Вот они уже объявляют громогласно: "Наводи на Луну! Первое орудие... Огонь!" "Переставляй земную ось! Второе орудие... Огонь!" И слушая, как они командуют, всему миру не терпится крикнуть: "Сажай в сумасшедший дом! Третье орудие... Огонь!" Трудно поверить, что это было написано почти за столетие до появления военно-промышленного комплекса США. Да так, что хоть выноси в передовицу сегодняшней газеты! Кто еще из писателей девятнадцатого века так вник в психологию будущих пентагоновцев и выявил основной мотив их поступков?

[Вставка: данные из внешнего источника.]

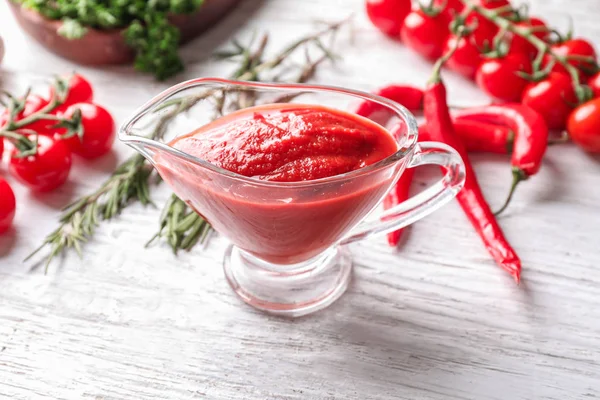 Sauce Mit Tomatensauce Auf Holztisch — Stockfoto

Под чьим пером возник научно-технический гений, равно служащий как освоению космоса, так и планам опустошения мира?
Как видим, НФ предугадывает не только грядущие свершения науки и техники...
Но, между прочим, столь прозорливое и глубокое проникновение в психологию тех же ученых-милитаристов было бы невозможно без "научности" НФ. Она-то и оказалась необходимым и сильным инструментом художественно-психологического анализа.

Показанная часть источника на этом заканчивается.